Montanelli ne cita il libro in tedesco tra parentesi a p.83 “(è Schlabrendorff
stesso che ha raccontato tutto questo nel suo "Offiziere gegen
Hitler", e a voce mi ha fornito particolari inediti)”, e a p.88 ne cita il
piano: “S. ha lasciato il resoconto che ci ha confermato a viva voce”. Anzi
peggio che obliquo: il resoconto di S., continua M., “coincide con le memorie
(per ora segretissime) di Beck e Witzleben”. Si capisce che il direttore del
“Corriere”, Mario Borsa, abbia dirottato sul “Corriere d’Informazione”,
giornaletto del pomeriggio, le corrispondenze del suo inviato, che in teoria
aveva passato così tanti mesi in Germania alla ricerca della verità: proponeva
“memorie segretissime” (quello di sapere i segreti è un vizio molto italiano:
sarà un format linguistico?). Di seguito, nella stessa pagina, M. riprende
parola per parola da S., senza citarlo, gli usi alimentari e ipnotici di
Hitler. E continua col calco. Nel cap. XI, pp.86-92, sintetizza il cap.“Il
tentativo di attentato del 13 marzo 1943” di S.. Alle pp. 88-89 ricalca
l’aneddoto delle pp.72-73 di S. sugli inneschi speciali che non funzionano, e
delle bottiglie esplosive di pseudo-brandy che viaggiano per la Germania tra
grandi ufficiali ignari. Poi Montanelli salta l’esposizione dei piani di
Goerdeler (ne liquida il proclama in poche righe a p.117), e nella corrispondenza
tra le pagine S. risulta avanti: il circolo di Kreisau (pp.99-100 di S., 95-96
di M.), i leader socialisti sindacali Leber e Leuschner (pp.113-115 e 98-99),
il resoconto delle ore successive all’attentato del 10 luglio, che anche S.
drammatizza (pp. 141 segg, e pp.120 segg.).
Un altro riconoscimento a Schlabrendorff Montanelli lo ha dato cinquant’anni
dopo, nella sua “Stanza” sul “Corriere” del 26 febbraio 1997. Ma sempre
indiretto. E con alcuni errori, che Sergio Romano ripete nell’introduzione
all’edizione odierna: Schlabrendorff non fu avvocato a Norimberga “dei
criminali di guerra”, ma consulente volontario del generale Donovan sul
contributo delle chiese alla Resistenza, e non sopravisse al “bombardamento
violento di Dachau (quello in cui trovò la morte Mafalda di Savoia)”, perché
era in prigione a Berlino. Sul bombardamento reale subito da Schlabrendorff
Montanelli si è perso una storia molto montanelliana: l’accusato si salvò e
l’accusatore, l’ex comunista Roland Freisler, che giudicava in paramenti
rossobruni, fu giustiziato. Avvenne durante il processo al Tribunale popolare:
ci fu un bombardamento, il procuratore speciale Freisler scese con l’accusato
nel rifugio, una bomba penetrò tutti i piani del tribunale, scosse la cantina,
una trave si staccò dal soffitto, e lo uccise. Uccise Freisler.

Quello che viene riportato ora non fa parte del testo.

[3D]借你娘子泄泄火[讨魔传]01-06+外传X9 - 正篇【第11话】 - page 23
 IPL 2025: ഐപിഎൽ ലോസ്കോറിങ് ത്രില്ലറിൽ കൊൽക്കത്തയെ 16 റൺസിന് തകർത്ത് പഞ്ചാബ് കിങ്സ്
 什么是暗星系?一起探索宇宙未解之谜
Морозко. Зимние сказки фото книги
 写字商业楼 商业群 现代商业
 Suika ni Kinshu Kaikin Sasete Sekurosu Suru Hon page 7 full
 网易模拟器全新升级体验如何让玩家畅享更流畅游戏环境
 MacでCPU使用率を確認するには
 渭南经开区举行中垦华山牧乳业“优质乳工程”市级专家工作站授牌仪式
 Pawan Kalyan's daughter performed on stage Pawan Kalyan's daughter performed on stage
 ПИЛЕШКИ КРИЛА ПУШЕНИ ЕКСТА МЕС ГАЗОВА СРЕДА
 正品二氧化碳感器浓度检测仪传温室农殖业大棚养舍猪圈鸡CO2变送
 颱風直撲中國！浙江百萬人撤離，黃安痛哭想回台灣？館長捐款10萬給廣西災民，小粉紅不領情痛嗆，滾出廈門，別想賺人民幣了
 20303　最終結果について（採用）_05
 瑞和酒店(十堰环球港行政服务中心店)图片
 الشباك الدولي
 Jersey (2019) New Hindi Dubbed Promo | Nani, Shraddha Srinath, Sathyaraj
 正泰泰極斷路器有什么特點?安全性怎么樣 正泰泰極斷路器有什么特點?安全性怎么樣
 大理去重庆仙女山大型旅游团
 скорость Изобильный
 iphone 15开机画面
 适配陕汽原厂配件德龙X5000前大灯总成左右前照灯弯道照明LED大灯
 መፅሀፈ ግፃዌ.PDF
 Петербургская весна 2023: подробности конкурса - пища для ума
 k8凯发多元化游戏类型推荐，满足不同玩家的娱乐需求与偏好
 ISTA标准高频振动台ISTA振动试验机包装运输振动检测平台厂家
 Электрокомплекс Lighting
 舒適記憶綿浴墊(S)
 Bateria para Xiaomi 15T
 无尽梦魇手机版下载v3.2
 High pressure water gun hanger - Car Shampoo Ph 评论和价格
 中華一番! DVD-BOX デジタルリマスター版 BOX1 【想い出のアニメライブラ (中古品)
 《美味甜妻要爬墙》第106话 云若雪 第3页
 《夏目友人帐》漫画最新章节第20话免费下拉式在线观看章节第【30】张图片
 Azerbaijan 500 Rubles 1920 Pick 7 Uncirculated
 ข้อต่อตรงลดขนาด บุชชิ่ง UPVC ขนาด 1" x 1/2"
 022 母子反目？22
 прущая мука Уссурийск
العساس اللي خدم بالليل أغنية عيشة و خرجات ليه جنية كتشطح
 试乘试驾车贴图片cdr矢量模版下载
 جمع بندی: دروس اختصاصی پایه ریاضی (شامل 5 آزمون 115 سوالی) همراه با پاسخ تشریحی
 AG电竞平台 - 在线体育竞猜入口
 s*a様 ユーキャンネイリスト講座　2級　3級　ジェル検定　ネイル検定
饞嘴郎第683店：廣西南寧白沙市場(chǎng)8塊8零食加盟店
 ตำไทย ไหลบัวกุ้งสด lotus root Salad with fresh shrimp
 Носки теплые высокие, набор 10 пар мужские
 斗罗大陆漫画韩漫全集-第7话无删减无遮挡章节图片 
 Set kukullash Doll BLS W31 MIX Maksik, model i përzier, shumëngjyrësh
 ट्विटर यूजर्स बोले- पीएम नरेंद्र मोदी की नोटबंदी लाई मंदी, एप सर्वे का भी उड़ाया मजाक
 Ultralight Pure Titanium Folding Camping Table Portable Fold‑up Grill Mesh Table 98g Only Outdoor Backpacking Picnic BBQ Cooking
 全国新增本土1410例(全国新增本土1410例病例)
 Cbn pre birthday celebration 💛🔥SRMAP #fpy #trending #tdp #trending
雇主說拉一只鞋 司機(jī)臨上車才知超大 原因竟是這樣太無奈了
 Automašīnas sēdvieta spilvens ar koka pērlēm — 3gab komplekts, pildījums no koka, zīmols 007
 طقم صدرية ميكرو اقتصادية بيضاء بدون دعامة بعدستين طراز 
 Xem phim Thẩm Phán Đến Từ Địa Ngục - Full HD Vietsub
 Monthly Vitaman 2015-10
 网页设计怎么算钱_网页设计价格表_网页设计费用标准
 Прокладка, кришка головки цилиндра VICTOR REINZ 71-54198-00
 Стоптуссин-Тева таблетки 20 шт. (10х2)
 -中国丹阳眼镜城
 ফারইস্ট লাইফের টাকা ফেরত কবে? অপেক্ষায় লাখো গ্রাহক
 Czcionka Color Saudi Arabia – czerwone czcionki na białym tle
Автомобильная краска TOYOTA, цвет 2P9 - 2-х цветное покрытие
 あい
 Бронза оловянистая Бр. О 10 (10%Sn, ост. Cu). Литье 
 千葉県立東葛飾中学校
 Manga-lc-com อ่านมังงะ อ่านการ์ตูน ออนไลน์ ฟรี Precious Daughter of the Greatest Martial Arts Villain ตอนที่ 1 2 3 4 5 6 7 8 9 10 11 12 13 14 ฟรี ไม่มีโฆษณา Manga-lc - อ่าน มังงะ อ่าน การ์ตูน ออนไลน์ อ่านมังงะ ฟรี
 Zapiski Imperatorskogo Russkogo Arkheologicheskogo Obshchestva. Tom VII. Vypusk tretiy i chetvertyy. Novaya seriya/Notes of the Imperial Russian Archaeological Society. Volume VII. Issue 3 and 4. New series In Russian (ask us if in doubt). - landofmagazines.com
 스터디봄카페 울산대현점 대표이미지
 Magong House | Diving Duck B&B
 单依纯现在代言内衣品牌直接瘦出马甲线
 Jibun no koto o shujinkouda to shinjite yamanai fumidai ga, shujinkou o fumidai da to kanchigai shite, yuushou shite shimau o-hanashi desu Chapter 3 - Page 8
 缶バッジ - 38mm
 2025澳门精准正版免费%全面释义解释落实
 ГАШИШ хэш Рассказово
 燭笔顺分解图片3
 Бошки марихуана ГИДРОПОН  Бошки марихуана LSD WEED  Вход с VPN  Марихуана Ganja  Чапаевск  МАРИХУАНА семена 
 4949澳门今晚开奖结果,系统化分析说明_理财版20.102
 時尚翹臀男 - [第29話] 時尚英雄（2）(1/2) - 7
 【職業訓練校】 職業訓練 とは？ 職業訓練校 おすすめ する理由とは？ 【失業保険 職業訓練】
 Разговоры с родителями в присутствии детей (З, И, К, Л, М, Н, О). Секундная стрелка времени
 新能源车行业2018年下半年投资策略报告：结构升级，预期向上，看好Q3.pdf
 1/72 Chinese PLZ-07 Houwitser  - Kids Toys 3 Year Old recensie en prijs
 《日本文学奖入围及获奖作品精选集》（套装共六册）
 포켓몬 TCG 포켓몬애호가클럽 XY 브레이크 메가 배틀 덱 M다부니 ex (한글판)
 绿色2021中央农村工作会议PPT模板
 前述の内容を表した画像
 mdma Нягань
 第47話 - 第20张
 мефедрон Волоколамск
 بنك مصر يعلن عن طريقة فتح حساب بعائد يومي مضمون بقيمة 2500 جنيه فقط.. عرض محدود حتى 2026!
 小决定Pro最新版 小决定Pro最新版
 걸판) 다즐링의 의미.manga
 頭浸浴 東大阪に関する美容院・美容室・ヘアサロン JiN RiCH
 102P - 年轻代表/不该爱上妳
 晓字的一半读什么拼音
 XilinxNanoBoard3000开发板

Fabian von Schlabrendorff, un avvocato che divenne a cavaliere del
1970 presidente della Corte costituzionale a Bonn, era stato segretario in
gioventù di Otto von Bismarck, e aveva poi sposato Luitgarde Bismarck, nipote
di Ruth von Kleist-Retzow, altra figura di rilievo della Resistenza.
Prettamente montanelliane sono solo le forzature e le inversioni di senso della
storia. I ripetuti incisi su Mafalda di Savoia ogni volta che ci sono morti per
bombardamenti – la principessa era dopo la guerra la fidanzata d’Italia. O
Hitler “che usava fare troncare la testa con l’ascia a chi propalava
barzellette sul regime”. I tedeschi “scesi in guerra senza entusiasmo”. I
“campi di concentramento degli ebrei” già nel 1938. Dove già si commettevano
“atrocità” e sui quali circolavano “dicerie” che suscitavano “orrore anche in
molti degli stessi nazisti”. Harro Schulze-Boysen, organizzatore dell’Orchestra
Rossa, ridotto a “intellettuale surrealista”. E il solito, accattivante, conformismo
dell’anticonformismo: porsi dal lato dei deboli, sconfitti, perdenti, ma sempre
per un altro potere vincente: Hitler voleva “consegnare l’Europa al comunismo”.